一方、スズキの「RJCカーオブザイヤー」受賞も2014年のハスラーに続いて2年連続、6回目。RJC(日本自動車研究者ジャーナリスト会議)は「スズキアルト/アルトラパン」について「新設計のプラットフォームによる軽量化が最大の特徴だ。(中略)エンジンの改良など、まさにミリ単位の挑戦だった。その結果、操縦性や燃費が大幅に向上した」と評価した。
2つのカーオブザイヤーのうち、1980年に始まった「日本カー・オブ・ザ・イヤー」は、自動車雑誌の出版社などが実行委員会を作り、選考委員にはレーサーやラリースト出身の自動車評論家が多い。これに対して、「RJCカーオブザイヤー」を主催するRJCはNPO法人で、会員には大学教授などの学識経験者や技術者、レーサー出身でない自動車評論家が多い。
RJCは、伝統ある「日本カー・オブ・ザ・イヤー」を「メーカーの接待づけ」や「運動性能に偏重した選考」が多いなどと批判して1991年に誕生した。このため、過去の受賞車も、「日本」にはスポーツカーや高級車が多く、軽の受賞は一度もないのに対して、「RJC」はスポーツカーよりもファミリーカーが多く、軽が何度も受賞している。
過去の受賞例を見ると、両賞が一致したのは、2011年の日産リーフのほか、2001年のホンダフィット、2000年のホンダシビック/フェリオ、1997年のトヨタプリウス、1992年の日産マーチしかない。
今年は両賞とも同じスポーツカーが上位を占める
今回、「日本」の最高得点だったロードスターが得票442点に対して、次点のホンダS660は401点で、スポーツカー同士が首位を争った。
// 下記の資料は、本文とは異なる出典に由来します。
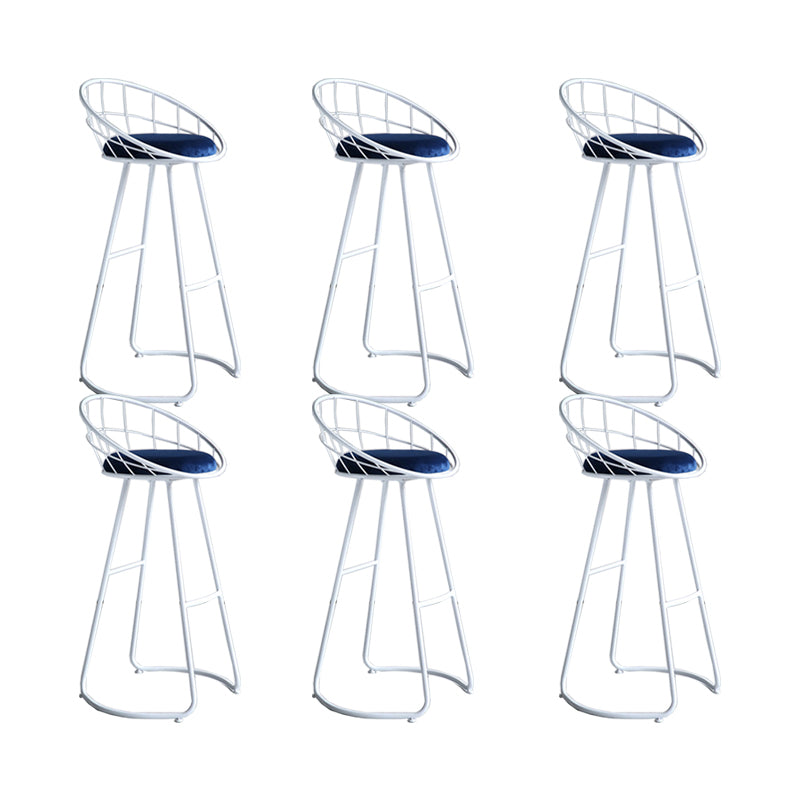 Finitura opaca contemporanea sgabello da bar in ferro footrest sgabello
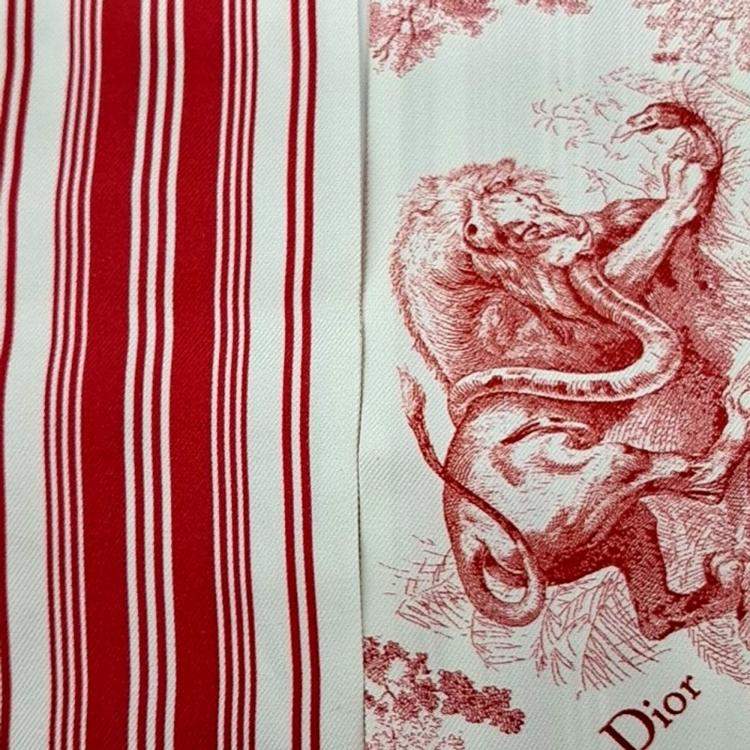 Pre Owned Dior Silk Mitzah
スズキアルト/アルトラパンは6位(75点)と振るわなかった。
一方、「RJC」は首位のスズキアルト/アルトラパンが264点だったが、次点はマツダロードスターの194点、3位はホンダS660の190点で、こちらもスポーツカー2台が上位に食い込んだ格好となった。
これは、2015年がスポーツカーの当たり年だったことを示している。日本カー・オブ・ザ・イヤー実行委員会もスズキアルトを「軽自動車が本来持つべき魅力をとことん追求し、基本性能に極めて優れたモデル」と認め、スモールモビリティー部門賞として処遇した。
今年のカーオブザイヤーは例年以上に、両賞が接近、拮抗する形になった。